For signed curvature, what is the definition of signed curvature in terms of your signed normal and tangent? Remember that you're trying to find $\kappa_{s_{\epsilon}}$.

For the normal line part, what does it mean for a line to be tangent to $\epsilon$? What does a normal line at a specific point $s_0$ look like? We calculated the tangent to $\epsilon$ in the first part.

(More complete answer below)


$$\epsilon (s)=\gamma (s)+\frac{1}{\kappa_s(s)}n_s(s)$$

$\textbf{1.}$ We show that the arc length of $\epsilon$ is $\frac{-1}{\kappa_s(s)}$ up to a constant. First off, I'm going to forget about the $s$ notation-wise so assume everything is a function of $s$ unless stated otherwise.

Well, we take the derivative of $\epsilon$ with respect to $s$ to get the arc length: $$\dot{\epsilon} = \dot{\gamma} + \frac{1}{\kappa_s}(-\kappa_s \mathbf{t})-\frac{\dot{\kappa_s} \mathbf{n_s}}{\kappa_s^2}=-\frac{\dot{\kappa_s} \mathbf{n_s}}{\kappa_s^2}$$

(recall $\mathbf{\dot{t}} = \kappa_s \mathbf{n_s} \implies \mathbf{\dot{n_s}} = -\kappa_s \mathbf{t}$ for a unit-speed curve since $\mathbf{n_s} \cdot \mathbf{t} = 0$ so $\mathbf{\dot{n_s}} \cdot \mathbf{t} + \mathbf{n_s} \cdot \mathbf{\dot{t}} = 0 \implies \mathbf{\dot{n_s}} \cdot \mathbf{t}= - \kappa_s(\mathbf{n_s \cdot n_s}) = -\kappa_s \implies \mathbf{\dot{n_s}}(\mathbf{t}\cdot \mathbf{t}) = \mathbf{\dot{n_s}} = -\kappa_s \mathbf{t}$)

Now, the arc length is given by $$u=\int \| \dot{\epsilon} \| \,ds = \int \frac{\dot{\kappa_s}}{\kappa_s^2} \,ds = -\frac{1}{\kappa_s} + C$$ Note that the second equality holds since we assumed $\dot{\kappa_s} > 0$.

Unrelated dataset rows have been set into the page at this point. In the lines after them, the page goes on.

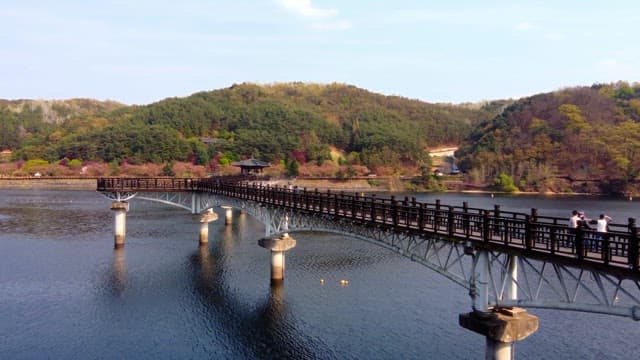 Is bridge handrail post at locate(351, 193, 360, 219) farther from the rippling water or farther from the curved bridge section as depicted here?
the rippling water

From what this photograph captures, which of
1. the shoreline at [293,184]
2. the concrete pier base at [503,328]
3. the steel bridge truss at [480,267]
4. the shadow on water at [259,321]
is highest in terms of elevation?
the steel bridge truss at [480,267]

$\textbf{2.}$ We calculate the signed curvature $\kappa_{s_{\epsilon}}.$ Recall the signed curvature is the rate at which the tangent vector rotates. In particular, $$\mathbf{\dot{t}}_{\epsilon} = \kappa_{s_{\epsilon}}\mathbf{n_s}_{\epsilon}$$ In this case, we take the tangent vector to be $\mathbf{t}_{\epsilon}=-\mathbf{n_s}$. Rotating the tangent vector counterclockwise by $-\pi/2$ gives us our signed unit normal. In particular, the signed normal is just $\mathbf{n_s}_{\epsilon}=\mathbf{t}$. Now, $$\frac{d (-\mathbf{n_s})}{\,du} = \kappa_s \mathbf{t} \frac{ds}{du} = \kappa_s \mathbf{t} \frac{\kappa_s^2}{\dot{\kappa_s}}= \frac{\kappa_s^3}{\dot{\kappa_s}}\mathbf{t}= \kappa_{s_{\epsilon}}\mathbf{n_s}_{\epsilon}$$ In particular, since the derivative of the tangent vector is the signed curvature times the signed unit normal, dotting the derivative of the tangent vector with the signed unit normal gives the result. That is, take the dot product of the above expression with $\mathbf{t}$ to get the signed curvature of $\epsilon$: $$\frac{\kappa_s^3}{\dot{\kappa_s}}$$

$\textbf{3.}$ We show that all normal lines to $\gamma$ are tangent to $\epsilon$.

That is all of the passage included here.